EXERCISE BRIEF:
Everything from the line containing "Juniper Ivory Viscose" to the last line of the listing below, inclusive, is what you should output, exactly as it appears.

== DATA SHOWN

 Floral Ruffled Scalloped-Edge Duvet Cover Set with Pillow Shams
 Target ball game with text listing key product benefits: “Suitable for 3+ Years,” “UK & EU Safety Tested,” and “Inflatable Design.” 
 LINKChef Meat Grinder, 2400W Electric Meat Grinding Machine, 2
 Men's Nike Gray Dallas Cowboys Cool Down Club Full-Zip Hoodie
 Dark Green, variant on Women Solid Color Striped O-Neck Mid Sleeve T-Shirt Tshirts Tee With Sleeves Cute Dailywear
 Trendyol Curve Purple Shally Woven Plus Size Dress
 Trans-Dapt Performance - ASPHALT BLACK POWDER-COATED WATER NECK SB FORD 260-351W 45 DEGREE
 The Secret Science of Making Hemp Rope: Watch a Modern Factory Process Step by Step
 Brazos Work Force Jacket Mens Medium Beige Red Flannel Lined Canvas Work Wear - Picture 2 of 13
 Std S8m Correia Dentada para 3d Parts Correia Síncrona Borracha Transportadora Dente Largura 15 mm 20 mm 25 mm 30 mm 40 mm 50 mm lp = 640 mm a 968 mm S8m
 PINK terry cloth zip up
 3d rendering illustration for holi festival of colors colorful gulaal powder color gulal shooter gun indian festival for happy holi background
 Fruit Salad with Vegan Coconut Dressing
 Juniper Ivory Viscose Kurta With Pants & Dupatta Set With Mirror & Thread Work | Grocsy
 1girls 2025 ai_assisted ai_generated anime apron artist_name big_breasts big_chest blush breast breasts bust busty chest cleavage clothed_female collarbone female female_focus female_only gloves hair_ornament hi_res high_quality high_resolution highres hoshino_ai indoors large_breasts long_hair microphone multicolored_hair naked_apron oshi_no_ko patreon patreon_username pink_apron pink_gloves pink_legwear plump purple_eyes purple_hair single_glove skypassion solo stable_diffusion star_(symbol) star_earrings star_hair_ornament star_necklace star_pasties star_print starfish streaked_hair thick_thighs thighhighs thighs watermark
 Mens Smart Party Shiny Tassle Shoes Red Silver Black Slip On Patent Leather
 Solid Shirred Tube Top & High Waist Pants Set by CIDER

====

RESPONSE TO THE TASK:
 Juniper Ivory Viscose Kurta With Pants & Dupatta Set With Mirror & Thread Work | Grocsy
 1girls 2025 ai_assisted ai_generated anime apron artist_name big_breasts big_chest blush breast breasts bust busty chest cleavage clothed_female collarbone female female_focus female_only gloves hair_ornament hi_res high_quality high_resolution highres hoshino_ai indoors large_breasts long_hair microphone multicolored_hair naked_apron oshi_no_ko patreon patreon_username pink_apron pink_gloves pink_legwear plump purple_eyes purple_hair single_glove skypassion solo stable_diffusion star_(symbol) star_earrings star_hair_ornament star_necklace star_pasties star_print starfish streaked_hair thick_thighs thighhighs thighs watermark
 Mens Smart Party Shiny Tassle Shoes Red Silver Black Slip On Patent Leather
 Solid Shirred Tube Top & High Waist Pants Set by CIDER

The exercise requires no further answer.